概述
一个打乱列表获得伪随机序列的生成器
- 偶得一代码,再晚也要记录下来。最近看一本叫游戏编程的书,里面讲到了一种用伪随机的方式实现的洗牌算法。
-
算法思想是这样的:
-
算法利用质数和二次方程的数学特性,该算法需要一个质数,他应该大于要遍历的集合元素个数。如果集合中有10个元素,该指数为11,当然这个算法不会生成质数;它只是将一组选定的质数放在一个查询表中。如果需要比较大的质数可以另行生成。其工作原理如下:用3个大于0的随机数计算出一个跳跃值(skip)。

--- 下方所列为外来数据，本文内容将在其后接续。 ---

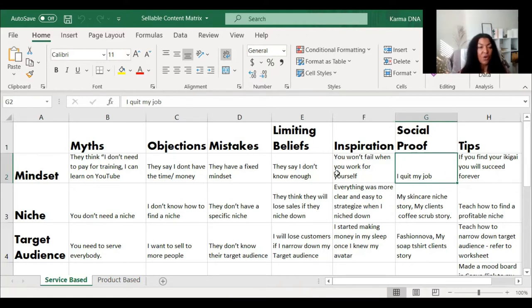Now let's look at niche. One myth about niche is that some people online say you don't need a niche to start an online business — I don't believe that, and I could talk about that.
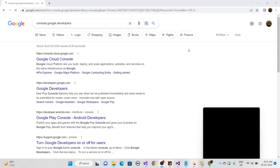Hello guys, welcome back to my YouTube channel. If you're watching for the first time, please subscribe to my channel and watch the full video, because today I'm going to tell you about how to log in with Google authentication in ASP.NET C#.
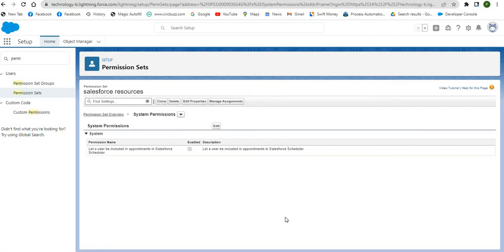The basic setup is now completed. In the next session we will be discussing how to set up appointments from Salesforce Scheduler. Thank you.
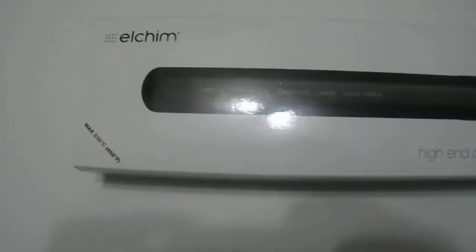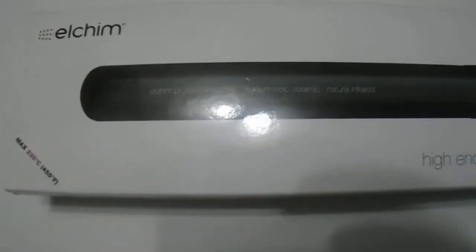Hi guys, we have here the Elchem Flatiron, the high-end professional styler from the Elchem brand. A high quality product. Let's give you guys a quick 360 look at the product here. That's the outside of the box, let's go ahead and open this up.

这些随机数作为二次方程的系数,而阈值(x)被设置为集合的元素个数;
跳跃值 = 随机数A x (元素个数 x 元素个数)+(随机数B x 元素个数)+随机数C
skip = RandomA * (members * members)+(RandomB * members)+RandomC -
有了跳跃值(skip)后,就可以使用下面的代码,以伪随机顺序遍历一次整个集合;
nextMember += skip
nextMember %= prime - skip的值要比集合元素个数大得多,因此选择的值好像是随机跳跃一样
直接上代码吧
//PrimeSearch.h
#pragma once
class PrimeSearch
{
static int prime_array[];
int skip;
int currentPosition;
int maxElements;
int *currentPrime;
int searches;
public:
PrimeSearch(int elements);
int GetNext(bool restart = false);
bool Done() { return (searches == *currentPrime); }
void Restart() { currentPosition = 0; searches = 0; }
};//PrimeSearch.cpp
#include "PrimeSearch.h"
#include <stdlib.h>
#include <assert.h>
//#define GCC_ASSERT(a,b) assert(a);
/////////////////////////////////////////////////////////////////////////////
// DEBUG info
/////////////////////////////////////////////////////////////////////////////
#define max(a,b) (((a) > (b)) ? (a) : (b))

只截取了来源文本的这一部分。